Sunday, July 28, 2024

How Auditor conduct the Audit SOC2 .

 So when it comes to thinking through how the auditor is actually going to conduct the audit, there's really only three types of audit techniques that we use to assess your organization.


1. Those are walkthroughs, 

2. Inspection of evidence and 

3. Observation of processes.


So that's literally the terminology that they use to describe what they're doing.


So I'll walk through those so you can you'll know how that applies to our organization.


So first walkthroughs are simply meetings with IT and talk about how the network is designed.

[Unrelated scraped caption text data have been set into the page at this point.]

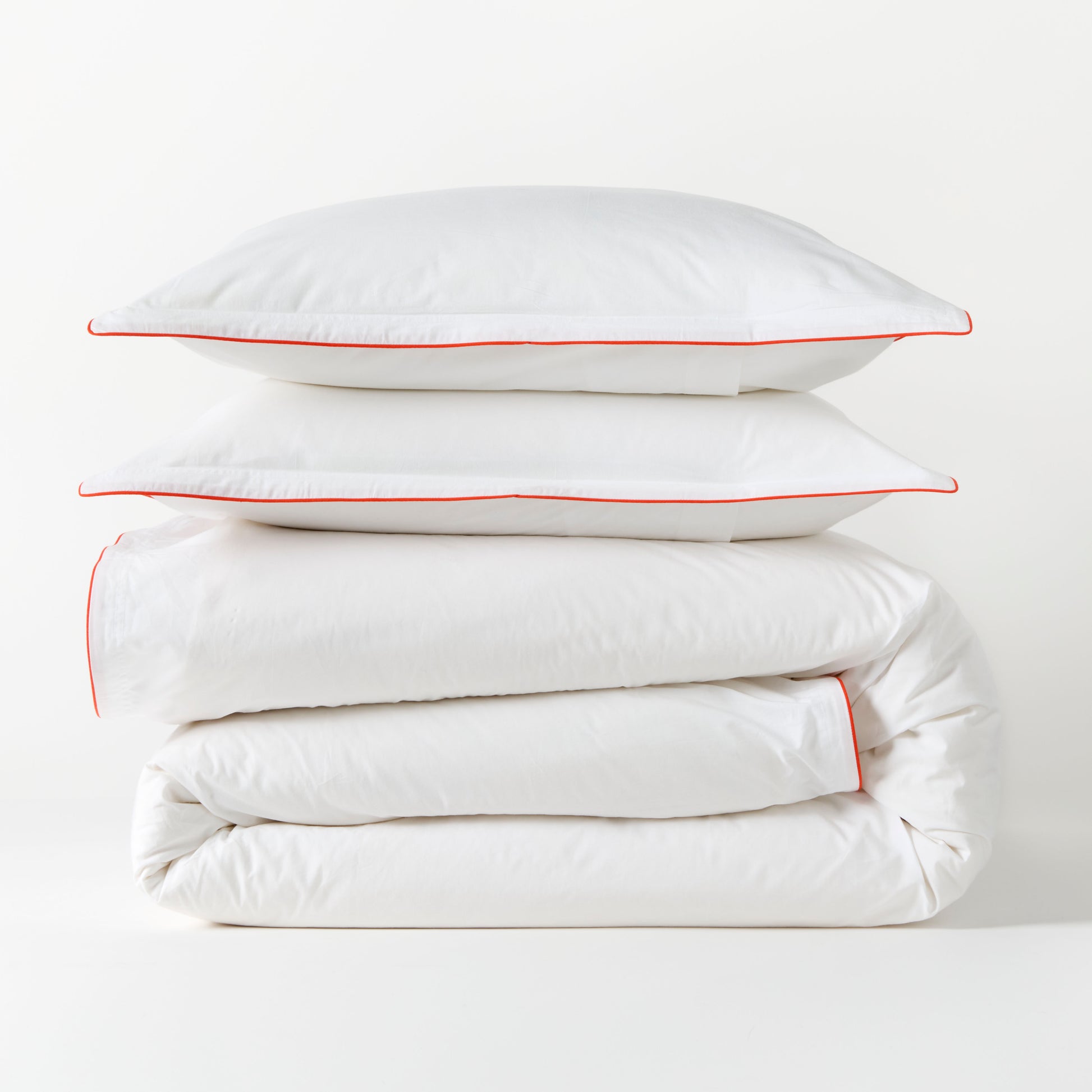White percale duvet cover and two shams with orange piping, stacked neatly.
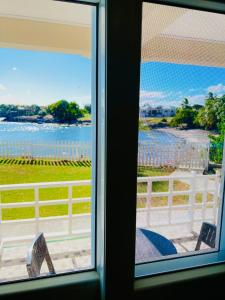 a window with a view of a body of water at SeaLaVie Apartments - Grenada in Saint Georgeʼs
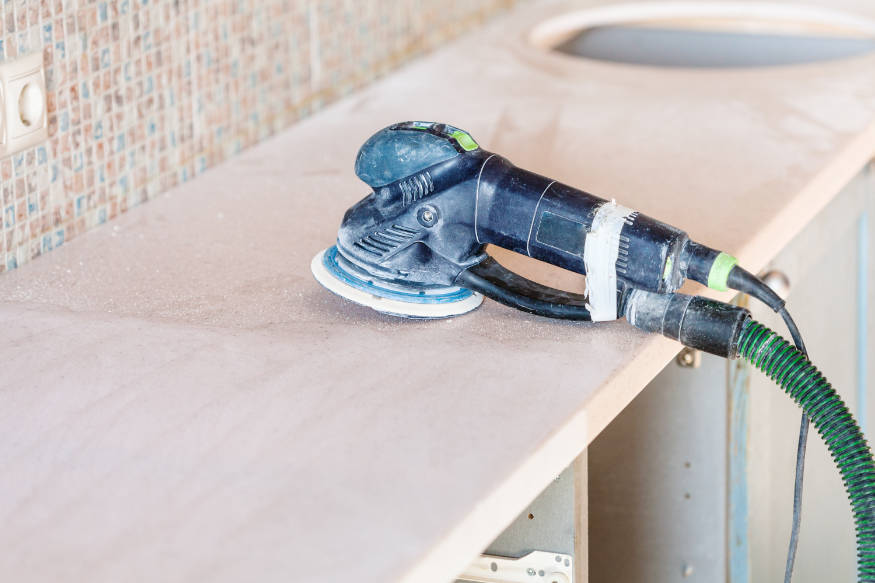 sanding a kitchen bench for waterproofing cabinets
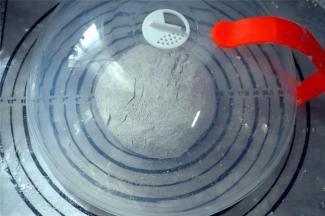 在面团表面撒上少许玉米淀粉，揉圆，盖上盖子，静置松弛15分钟。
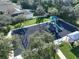 Aerial view of a neighborhood playground featuring swings, slides, and a covered picnic area at 11622 Summit Rock Ct, Parrish, FL 34219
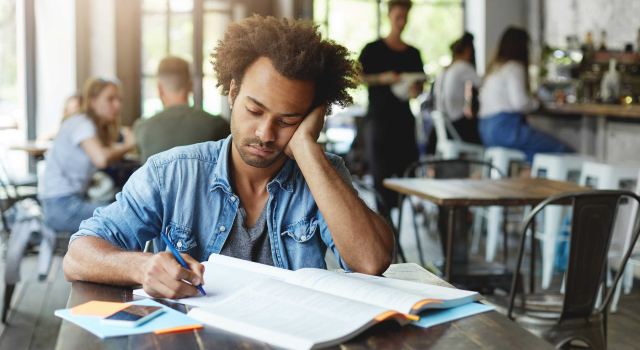 sad unhappy dark skinned bearded student feeling frustrated while preparing lessons college writing down his copybook with pen leaning elbow looking notes with upset expression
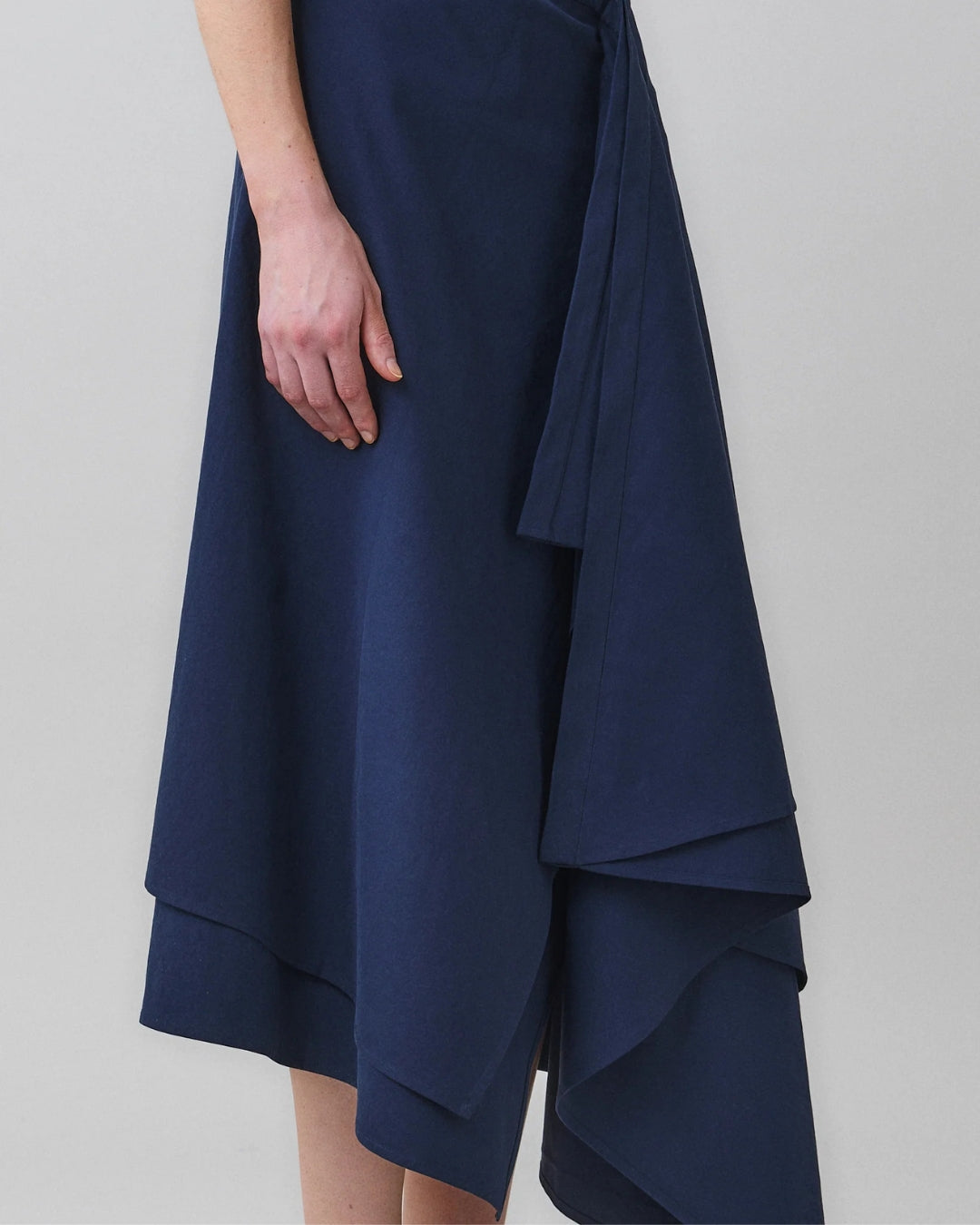 Close-up of draped front panel and self-tie detail on MARTAN Laurie Skirt in navy blue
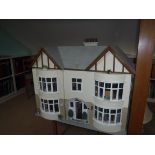 A modern dolls house "Fairbanks" as a double fronted bay windowed townhouse with garden to rear,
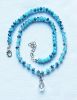 Ketting facetgeslepen blauwe kralen met druppel kristal hanger
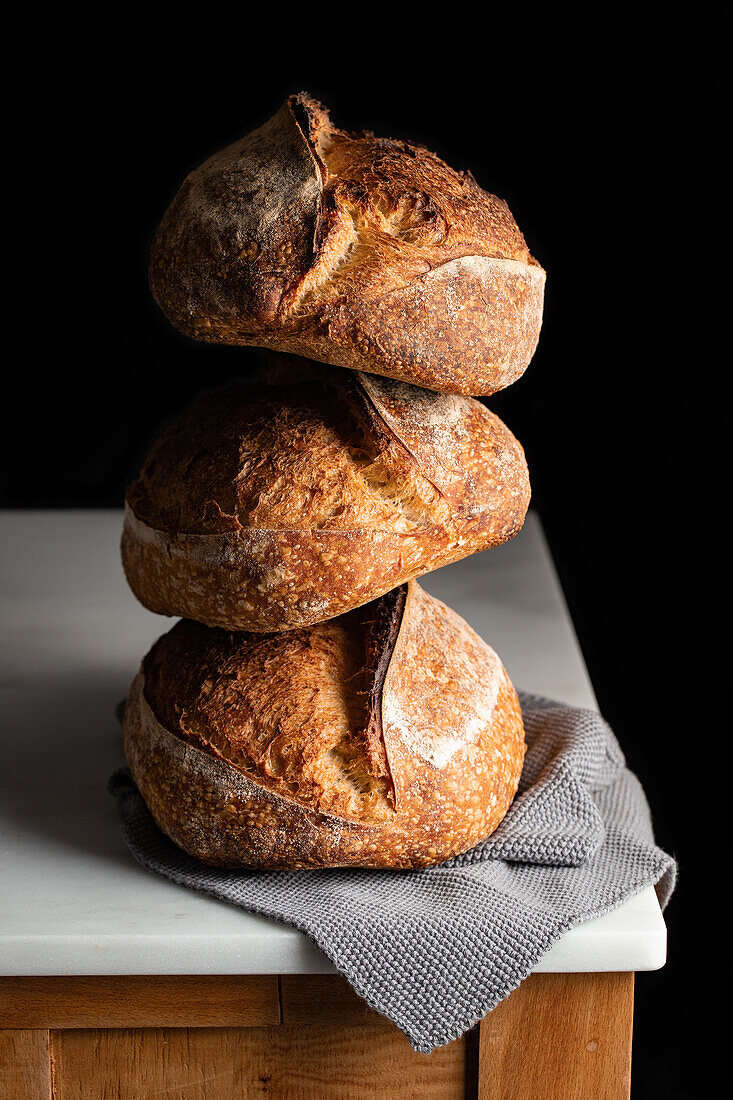 Leckeres Sauerteigbrot mit brauner Kruste auf Marmortisch vor schwarzem Hintergrund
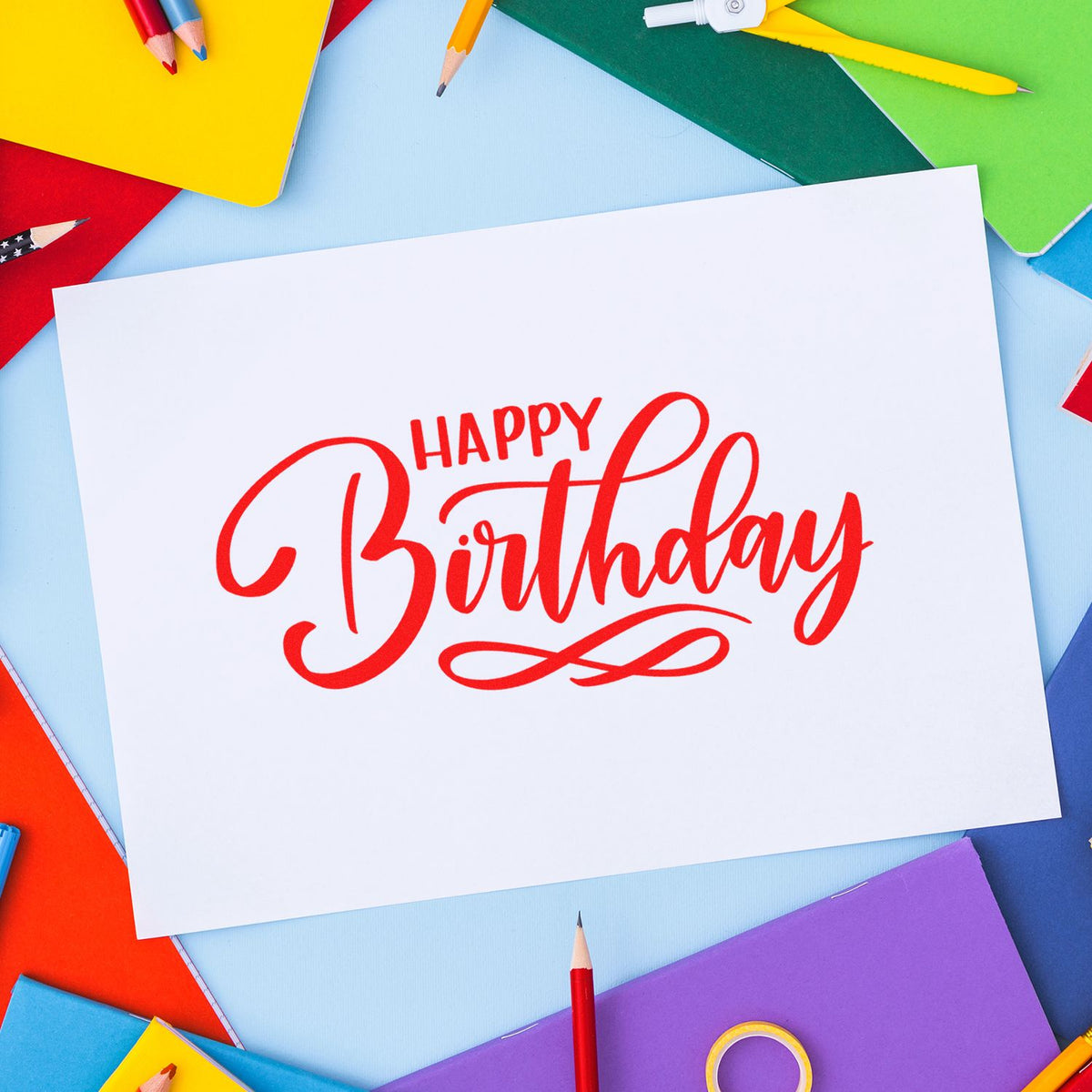 Happy Birthday rubber stamp design in red script on white paper, surrounded by colorful pencils and notebooks.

Our network diagram and talk about data flow. They'll schedule a meeting with the engineering team and talk through product overviews, change control, SDLC.



These are literally interviews with the people on our team to understand how processes work and they'll hear directly from our team members.


However, an auditor is not permitted to rely exclusively on walkthroughs to perform an audit.


So SOC 2 requires that you look at evidence to also validate anything that someone said, which is our second process, an audit reuse.


And this is the most common process that an auditor will use to audit.


And there's a whole ecosystem of;

So if you've never been through an audit, what basically happens is the SOC 2 auditor will provide you a whole request list of type of information they need. Just like for SOC 2, there's usually at least 100 line items that'll include things like policies, configuration settings, system access lists, change tickets.


Then our team is going to go start grabbing screenshots, You're going to pull down the policy and you're going to upload it to the auditor's portal and the auditors will review all the evidence.


And then based on their review, they're probably going to come back with questions or want some clarification, or they may even have additional requests that they need to make to get through the audit.


So that's the most robust and time consuming piece of the audit, is that inspection of evidence part.


The third way an auditor will audit our organization is through observation. If you have an on prem data center or server closet, they might want to look at that data center to make sure it has physical and environmental controls there.


If you have a facility, they might inspect the locks on each door to make sure they're actually physically locked.


WHAT AUDITORS WRITE DOWN:

This is what the auditor is writing down. So for a SOC 2, you're going to have controls. You might have 50 or 100 controls.


So our example control here ;Is our company maintaining security policies and procedures. Policies and procedures are made available to employees and the company's policy document repository.


So then how will the auditor review that?

What will they do to test that control?


So there's two test procedures.

The auditor will inspect the company's security policies and procedures to determine if policies are documented and up to date. So they inspected the policy.


The second thing they do is inspect the company's policy document repository to determine if policies and procedures are made available to the employees and the company's policy document repository.


So to to audit test. They looked at the policy and they read it.

Then they made sure that that policy was actually available to all the employees. Through the document repository, like the control said, the thing that's going to impact you is the evidence that they're requesting to validate that.


So the two pieces of evidence that an auditor would request to validate this control is one, the information

security policy, and two, they're probably going to ask for screenshots of your document repository to validate that you actually have a document repository and the whole company has access to it.



So that's how one control might have two different evidence requests.

And if you have 50 or 100 controls, you can see how that might be 100 or 200 pieces of evidence.


So I hope that adds some clarity to what the auditor is actually doing and how they're testing us.